(Aim of the exercise):
Only the lines below from the one that contains "citroen ds3" through the one that contains "De Soeten Haert" should appear in your answer, exact and without pictures.

-------- Given data

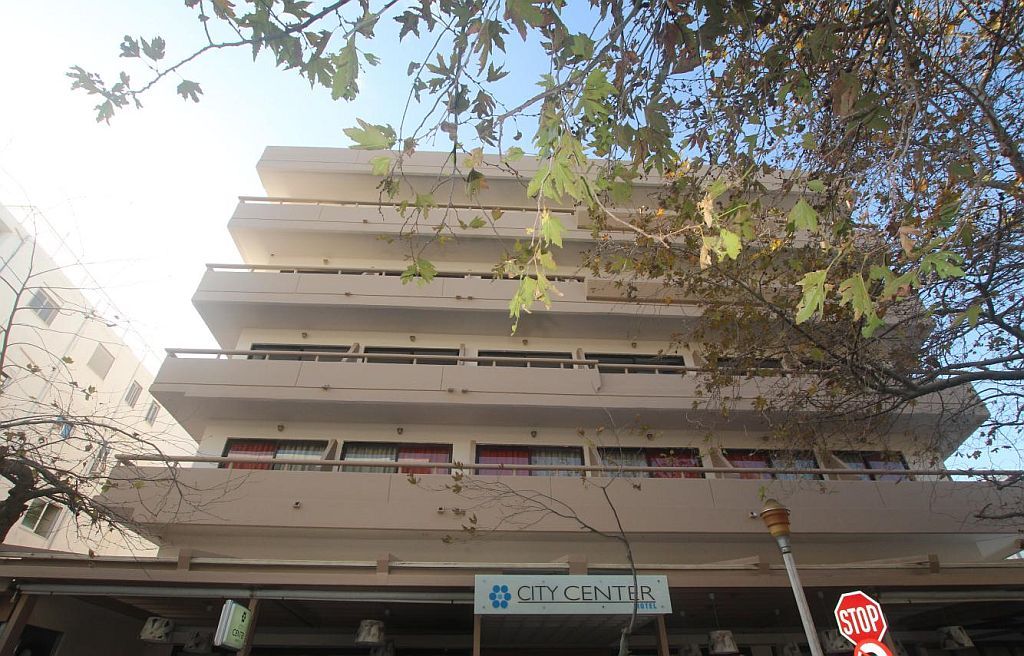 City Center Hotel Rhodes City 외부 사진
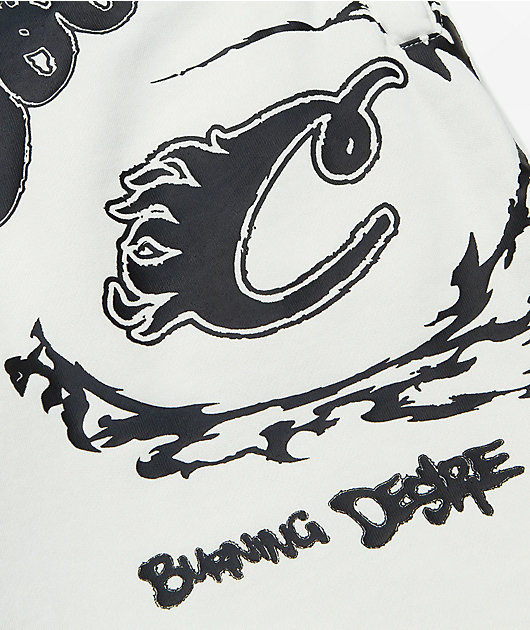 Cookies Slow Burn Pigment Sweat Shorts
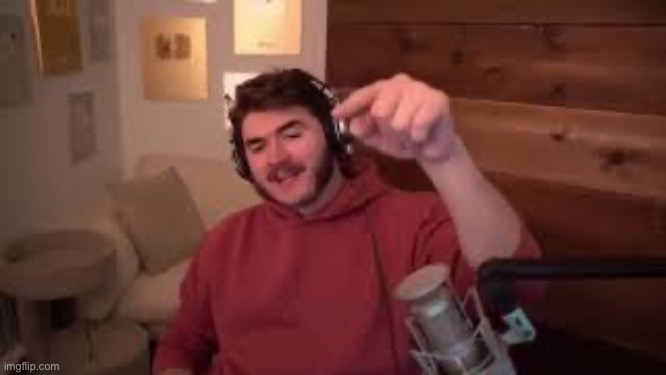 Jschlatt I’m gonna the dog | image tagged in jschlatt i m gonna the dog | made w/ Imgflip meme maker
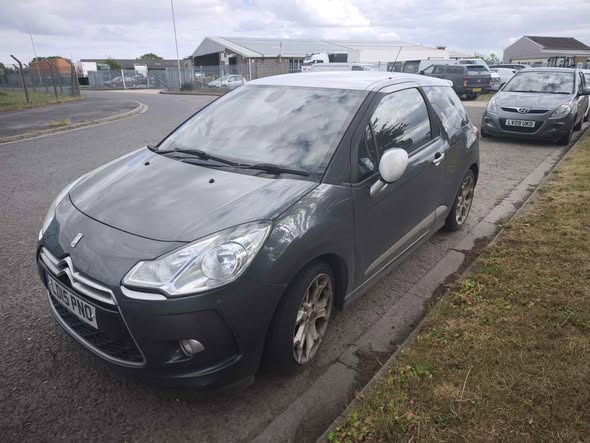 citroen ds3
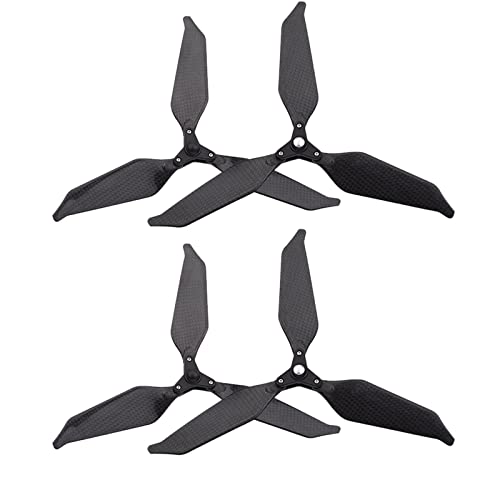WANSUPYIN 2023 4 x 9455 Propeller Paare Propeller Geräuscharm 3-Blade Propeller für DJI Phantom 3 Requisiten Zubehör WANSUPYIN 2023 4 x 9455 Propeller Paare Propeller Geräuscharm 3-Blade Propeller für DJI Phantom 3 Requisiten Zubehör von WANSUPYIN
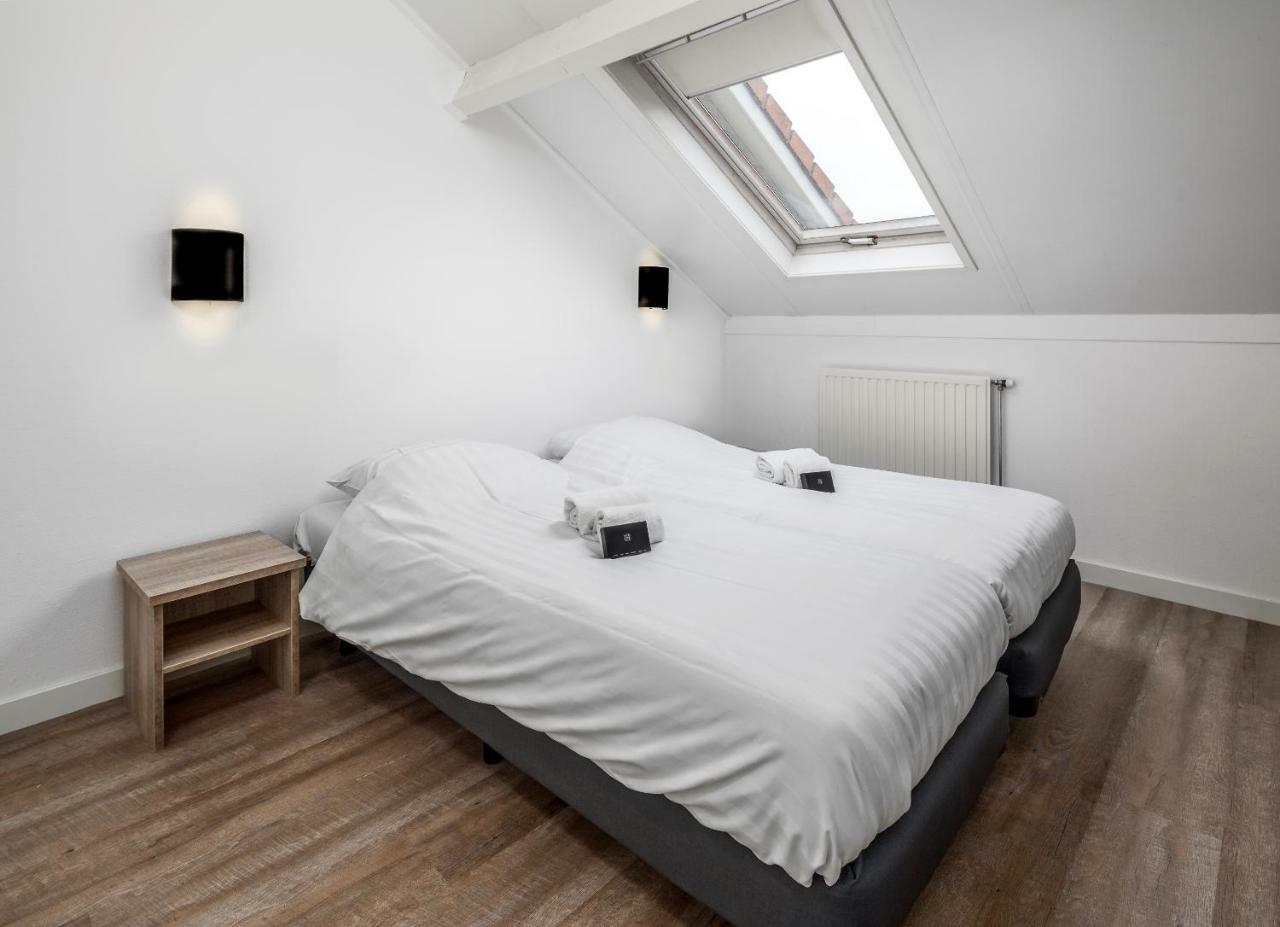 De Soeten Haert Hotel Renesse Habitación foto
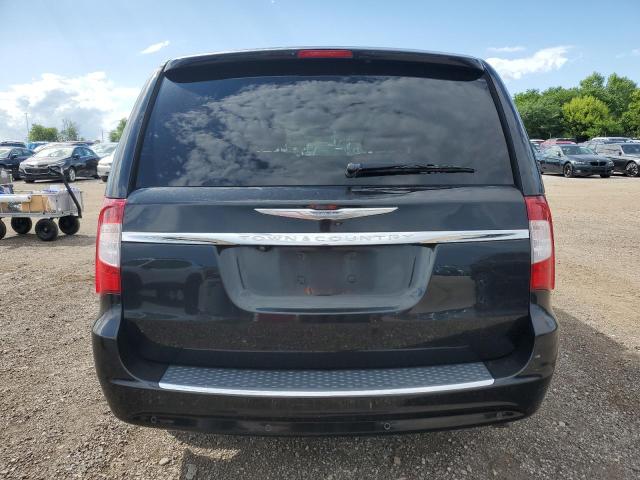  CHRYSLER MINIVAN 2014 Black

----------------
-------- Given data

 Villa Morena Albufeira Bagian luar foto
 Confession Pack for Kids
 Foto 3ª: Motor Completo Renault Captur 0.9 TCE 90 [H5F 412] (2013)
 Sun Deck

----------------

(The completed task):
 citroen ds3
WANSUPYIN 2023 4 x 9455 Propeller Paare Propeller Geräuscharm 3-Blade Propeller für DJI Phantom 3 Requisiten Zubehör WANSUPYIN 2023 4 x 9455 Propeller Paare Propeller Geräuscharm 3-Blade Propeller für DJI Phantom 3 Requisiten Zubehör von WANSUPYIN
 De Soeten Haert Hotel Renesse Habitación foto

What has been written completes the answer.